In order to produce a stable PBX composition based on a polysiloxane binder, it is necessary to increase the interaction between the explosive crystals and the polymer. The first method may be to use organosilicon polymers with lateral groups that will create hydrogen bonds with the nitro groups of the explosive. The second method may be to use bonding agents that are commonly used in PBX and rocket propellants. The role of bonding agents is to adsorb on the surface of the explosive crystals and create chemical bonds with the binder [38]. Bonding agents such as aziridine derivatives, hydantoin derivatives, borate esters, isocyanurates, ferrocene derivatives and others are described [43,44].

Another important ingredient that is used in binder systems and that may help with the good implementation of polysiloxanes is a wetting agent (surfactant), e.g., lecithin [38]. Compounds of this type have in their structure polar and nonpolar parts that lower interfacial tension between solid and liquid ingredients of PBX or rocket propellants. In the silicone binder systems, it might be necessary to use siloxane surfactants, which, due to their unique properties, are used in polyurethane foams, the textile industry, cosmetics and paints [45]. Siloxane surfactants may have different chemical structures with different polar groups, such as polyoxyethylene (nonionic), sulfate (anionic), quaternary ammonium salts (cationic) or betaines (zwitterionic). The hydrophobic part of siloxane surfactants comprises permethylated siloxane groups, e.g., a polysiloxane chain, trisiloxane or cyclotetrasiloxane [45]. An example of a siloxane surfactant is polydimethylsiloxane grafted with poly(ethylene oxide) (Figure 7).

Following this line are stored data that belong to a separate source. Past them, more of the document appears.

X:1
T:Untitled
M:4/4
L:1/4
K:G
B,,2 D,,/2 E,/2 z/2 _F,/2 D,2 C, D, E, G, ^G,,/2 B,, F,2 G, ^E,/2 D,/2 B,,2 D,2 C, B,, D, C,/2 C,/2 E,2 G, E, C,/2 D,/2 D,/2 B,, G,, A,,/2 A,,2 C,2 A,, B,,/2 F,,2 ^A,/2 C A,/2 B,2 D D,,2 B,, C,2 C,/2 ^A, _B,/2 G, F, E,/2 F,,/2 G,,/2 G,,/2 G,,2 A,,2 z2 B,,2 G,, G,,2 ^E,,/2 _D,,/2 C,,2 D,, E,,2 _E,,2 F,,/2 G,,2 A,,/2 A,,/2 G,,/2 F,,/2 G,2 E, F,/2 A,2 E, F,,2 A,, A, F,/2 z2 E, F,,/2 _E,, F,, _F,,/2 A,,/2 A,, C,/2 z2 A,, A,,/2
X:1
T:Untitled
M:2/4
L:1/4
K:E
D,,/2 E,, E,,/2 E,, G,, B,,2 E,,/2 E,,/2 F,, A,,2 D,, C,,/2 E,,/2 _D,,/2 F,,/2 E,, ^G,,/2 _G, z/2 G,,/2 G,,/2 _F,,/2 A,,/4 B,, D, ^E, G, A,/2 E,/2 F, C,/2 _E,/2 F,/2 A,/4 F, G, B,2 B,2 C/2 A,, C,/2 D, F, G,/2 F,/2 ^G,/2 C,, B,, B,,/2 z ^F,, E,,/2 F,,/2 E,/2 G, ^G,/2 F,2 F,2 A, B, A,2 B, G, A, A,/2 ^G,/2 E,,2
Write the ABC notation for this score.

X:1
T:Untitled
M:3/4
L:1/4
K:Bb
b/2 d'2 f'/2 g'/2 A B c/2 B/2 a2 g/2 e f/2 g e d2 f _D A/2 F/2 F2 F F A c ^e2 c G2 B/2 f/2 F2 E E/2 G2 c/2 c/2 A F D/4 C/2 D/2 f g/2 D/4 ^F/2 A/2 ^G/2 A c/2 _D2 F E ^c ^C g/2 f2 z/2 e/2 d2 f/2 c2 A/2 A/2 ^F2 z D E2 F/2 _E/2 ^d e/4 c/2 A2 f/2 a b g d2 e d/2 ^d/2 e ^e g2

In the silicone industry, silica (SiO₂) is a popular filler. To improve the interaction of the inorganic filler with polysiloxane, alkoxy-functional silanes (dispersion stabilizers) are used [46]. Compounds of this type usually have in their structure three alkoxy groups attached to a silicon atom and a fourth group in the form of an aliphatic chain functionalized with amino, epoxy, carbamic groups, etc. (Figure 8).

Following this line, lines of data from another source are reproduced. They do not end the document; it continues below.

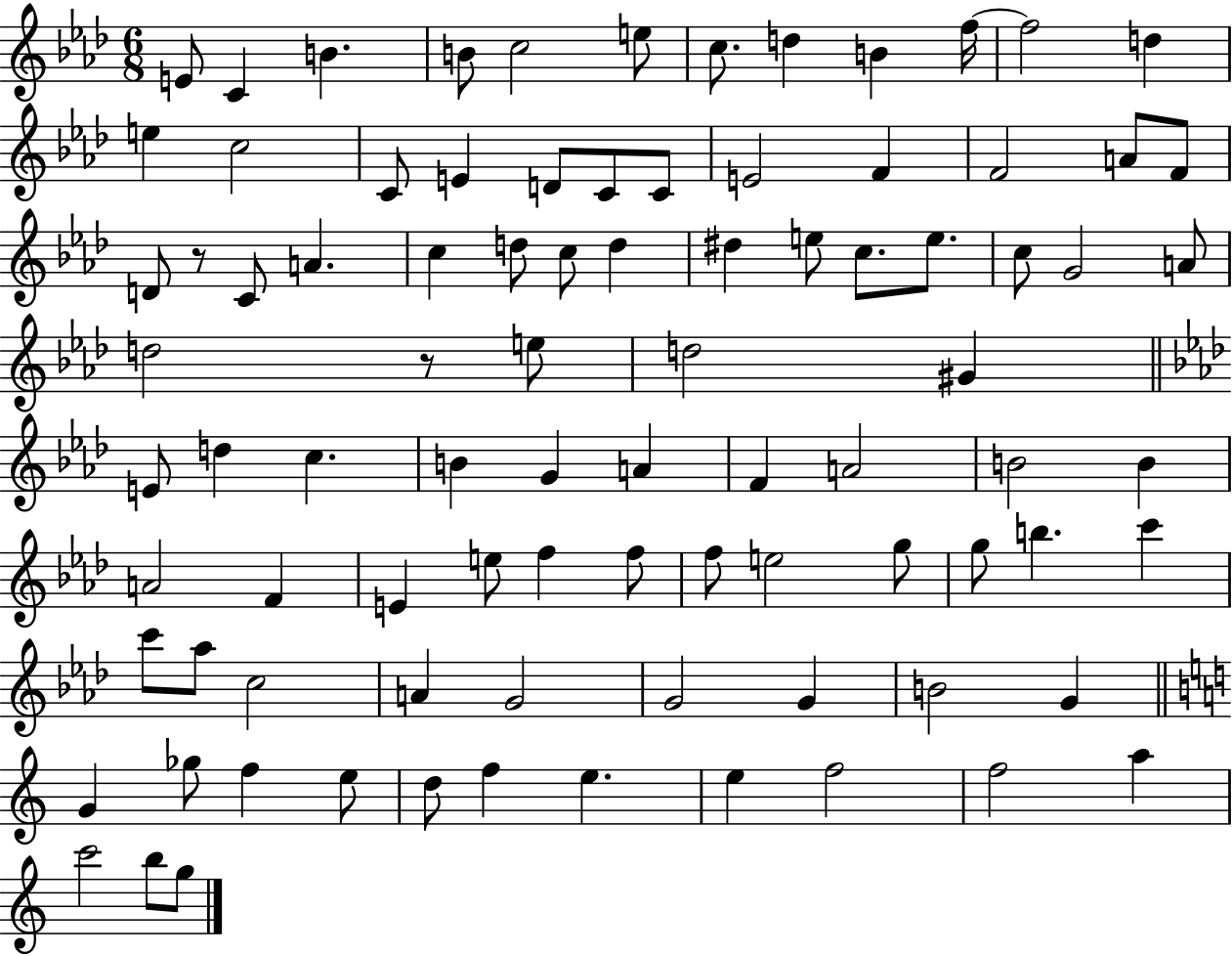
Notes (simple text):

E4/e C4/q B4/q. B4/e C5/h E5/e C5/e. D5/q B4/q F5/s F5/h D5/q E5/q C5/h C4/e E4/q D4/e C4/e C4/e E4/h F4/q F4/h A4/e F4/e D4/e R/e C4/e A4/q. C5/q D5/e C5/e D5/q D#5/q E5/e C5/e. E5/e. C5/e G4/h A4/e D5/h R/e E5/e D5/h G#4/q E4/e D5/q C5/q. B4/q G4/q A4/q F4/q A4/h B4/h B4/q A4/h F4/q E4/q E5/e F5/q F5/e F5/e E5/h G5/e G5/e B5/q. C6/q C6/e Ab5/e C5/h A4/q G4/h G4/h G4/q B4/h G4/q G4/q Gb5/e F5/q E5/e D5/e F5/q E5/q. E5/q F5/h F5/h A5/q C6/h B5/e G5/e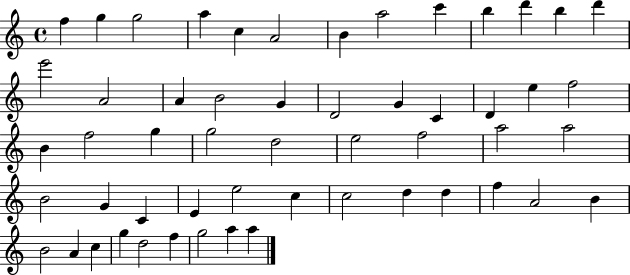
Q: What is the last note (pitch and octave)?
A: A5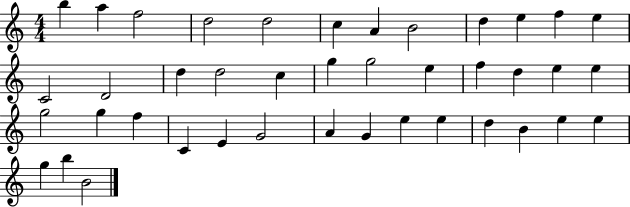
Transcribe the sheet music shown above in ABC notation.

X:1
T:Untitled
M:4/4
L:1/4
K:C
b a f2 d2 d2 c A B2 d e f e C2 D2 d d2 c g g2 e f d e e g2 g f C E G2 A G e e d B e e g b B2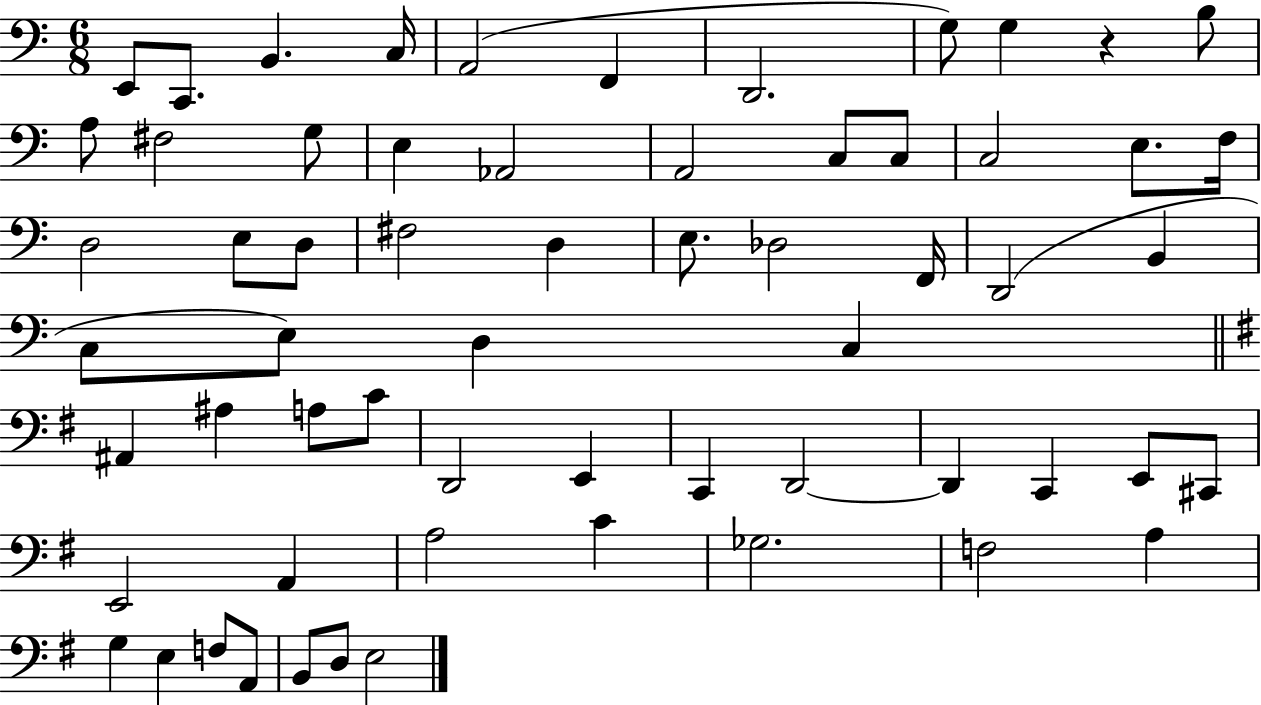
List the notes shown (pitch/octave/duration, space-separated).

E2/e C2/e. B2/q. C3/s A2/h F2/q D2/h. G3/e G3/q R/q B3/e A3/e F#3/h G3/e E3/q Ab2/h A2/h C3/e C3/e C3/h E3/e. F3/s D3/h E3/e D3/e F#3/h D3/q E3/e. Db3/h F2/s D2/h B2/q C3/e E3/e D3/q C3/q A#2/q A#3/q A3/e C4/e D2/h E2/q C2/q D2/h D2/q C2/q E2/e C#2/e E2/h A2/q A3/h C4/q Gb3/h. F3/h A3/q G3/q E3/q F3/e A2/e B2/e D3/e E3/h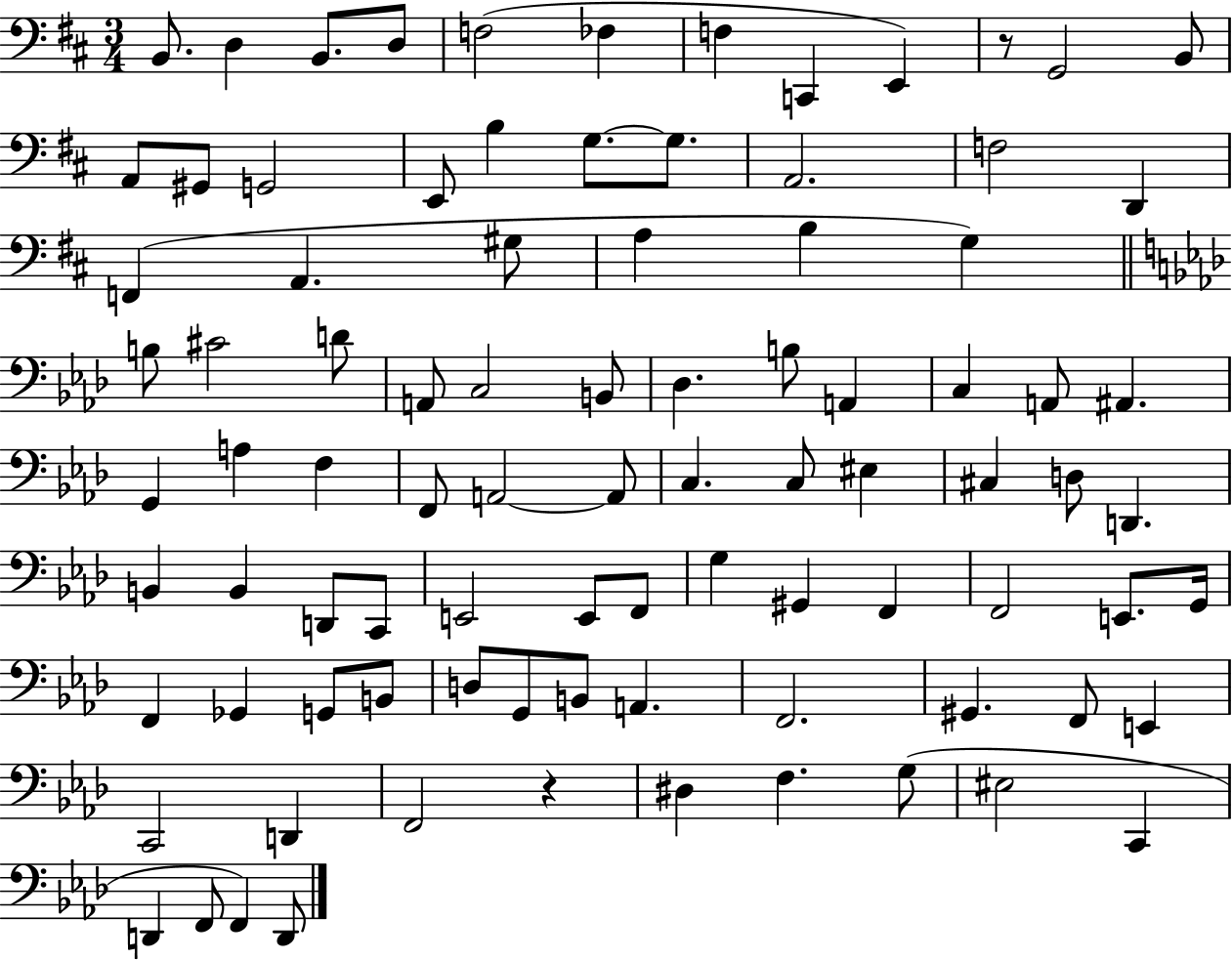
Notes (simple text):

B2/e. D3/q B2/e. D3/e F3/h FES3/q F3/q C2/q E2/q R/e G2/h B2/e A2/e G#2/e G2/h E2/e B3/q G3/e. G3/e. A2/h. F3/h D2/q F2/q A2/q. G#3/e A3/q B3/q G3/q B3/e C#4/h D4/e A2/e C3/h B2/e Db3/q. B3/e A2/q C3/q A2/e A#2/q. G2/q A3/q F3/q F2/e A2/h A2/e C3/q. C3/e EIS3/q C#3/q D3/e D2/q. B2/q B2/q D2/e C2/e E2/h E2/e F2/e G3/q G#2/q F2/q F2/h E2/e. G2/s F2/q Gb2/q G2/e B2/e D3/e G2/e B2/e A2/q. F2/h. G#2/q. F2/e E2/q C2/h D2/q F2/h R/q D#3/q F3/q. G3/e EIS3/h C2/q D2/q F2/e F2/q D2/e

Alkoxy groups react with hydroxyl groups on the silica surface to form oxygen bridges (the by-product being alcohol), while the functionalized aliphatic group interacts with polysiloxane. Of course, on the surface of the explosive crystals, there are no hydroxyl groups capable of reacting with alkoxysilanes. The solution to this problem may be coating crystals with a layer of a substance with hydroxyl groups, e.g., poly(vinyl alcohol) (PVA, Figure 9).

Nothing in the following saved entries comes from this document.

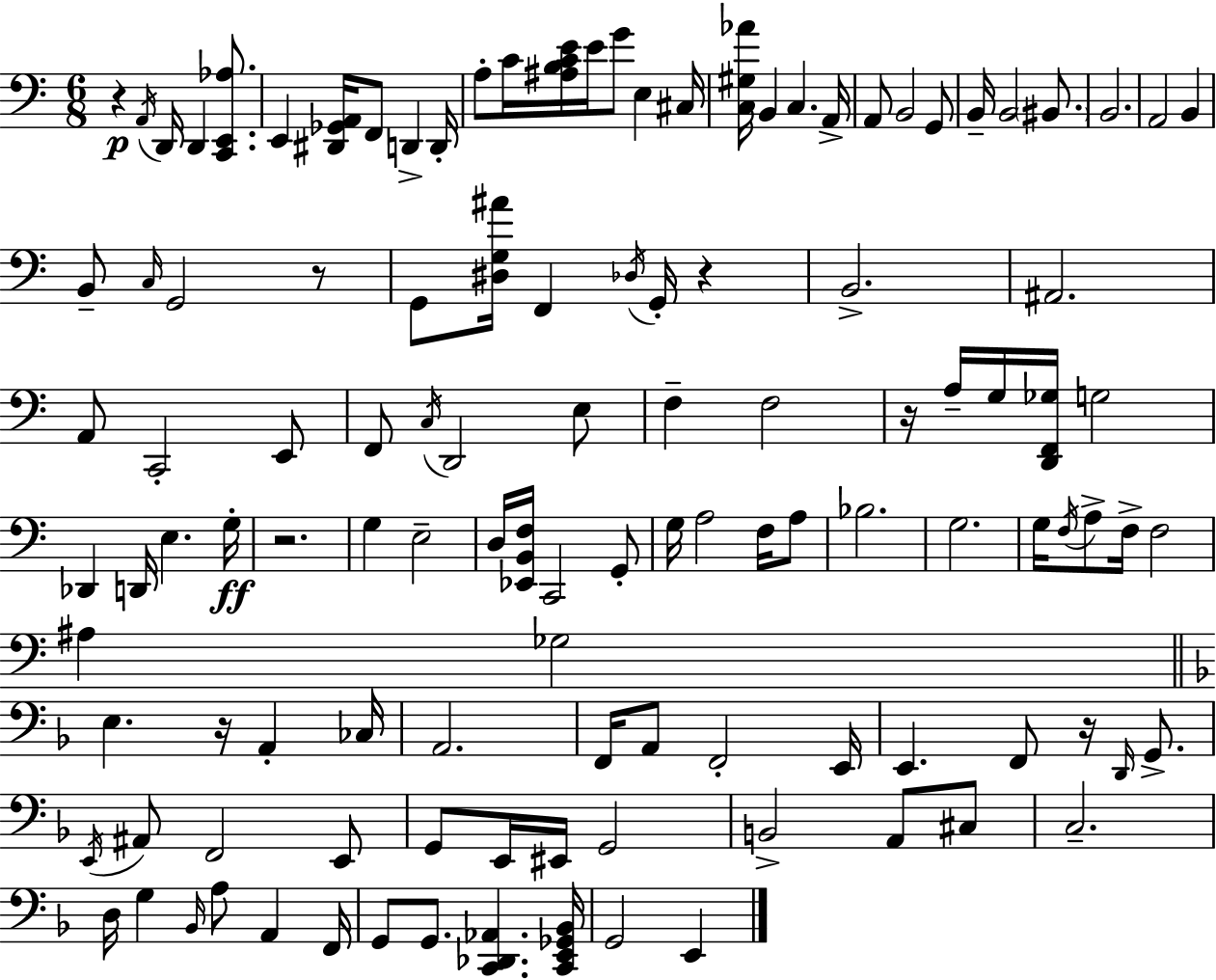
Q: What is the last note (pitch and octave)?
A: E2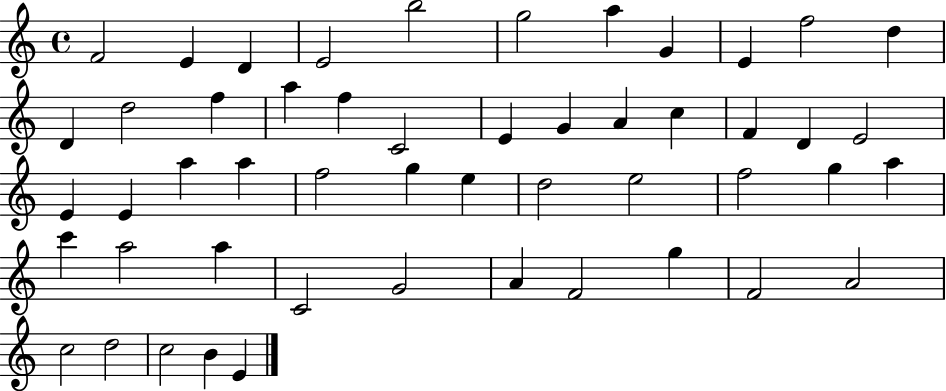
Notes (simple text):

F4/h E4/q D4/q E4/h B5/h G5/h A5/q G4/q E4/q F5/h D5/q D4/q D5/h F5/q A5/q F5/q C4/h E4/q G4/q A4/q C5/q F4/q D4/q E4/h E4/q E4/q A5/q A5/q F5/h G5/q E5/q D5/h E5/h F5/h G5/q A5/q C6/q A5/h A5/q C4/h G4/h A4/q F4/h G5/q F4/h A4/h C5/h D5/h C5/h B4/q E4/q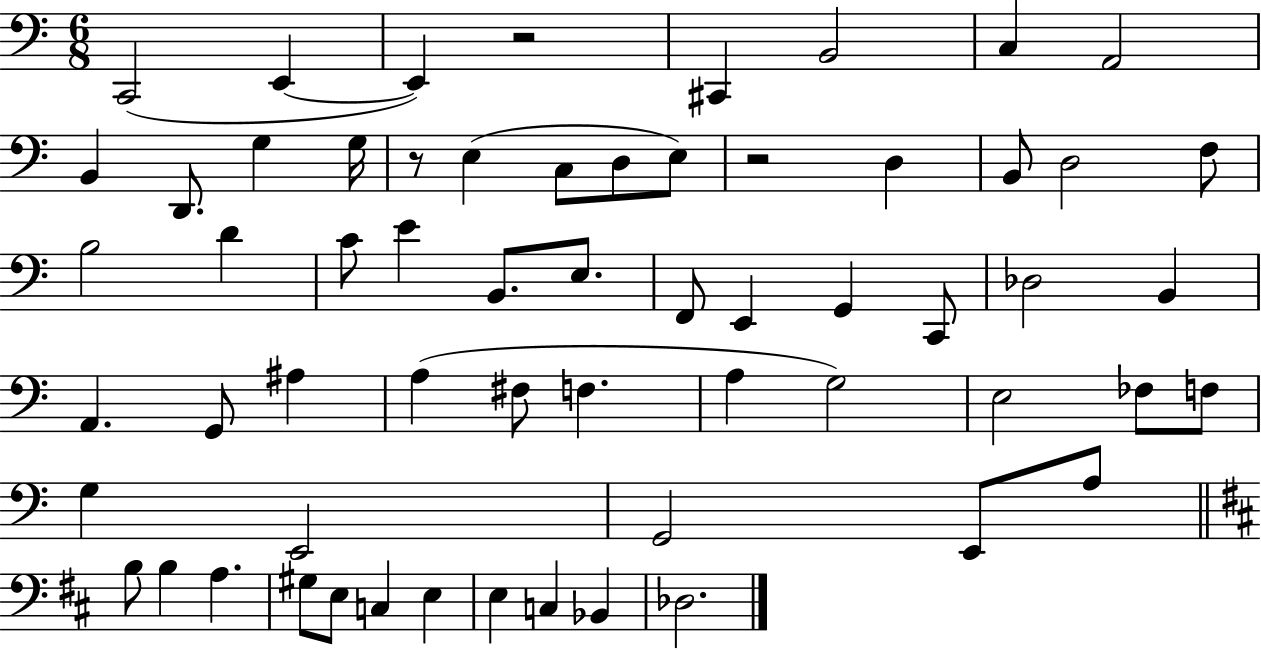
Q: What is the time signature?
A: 6/8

The authors of [47] conducted similar tests on the functionalization of explosive crystals’ surfaces using polydopamine (PDA). The functional groups derived from polydopamine were then used to make grafted copolymers with other polymers: poly(glycidyl azide) (GAP), poly(ethylene glycol) (PEG) and polytetramethylene ether glycol (PTMEG). The polymers mentioned could be replaced by, e.g., polydimethylsiloxane terminated with hydroxyl groups (Figure 10). Isocyanates such as 1,1′-methylenebis(4-isocyanatobenzene) (MDI), 2,4-diisocyanato-1-methylbenzene (TDI) and 1,6-diisocyanatohexane (HDI), which are commonly used in the production of polyurethanes [48], can act as a link between polymers.

4. Conclusions

Polysiloxanes are an interesting group of polymers whose potential use in explosive compositions has already been considered in the past. Due to their very low glass transition temperatures, high thermal resistance and low reactivity, they would make a very good component for PBXs. The obstacle to the wider use of silicones in explosive compositions is their low affinity for explosive crystals. However, this is a problem that can be solved using simple steps. One possible solution is the functionalization of the explosive crystal’s surface. Polysiloxanes are not devoid of drawback compounds, but studies devoted to eliminating their negative properties may eventually lead to interesting results.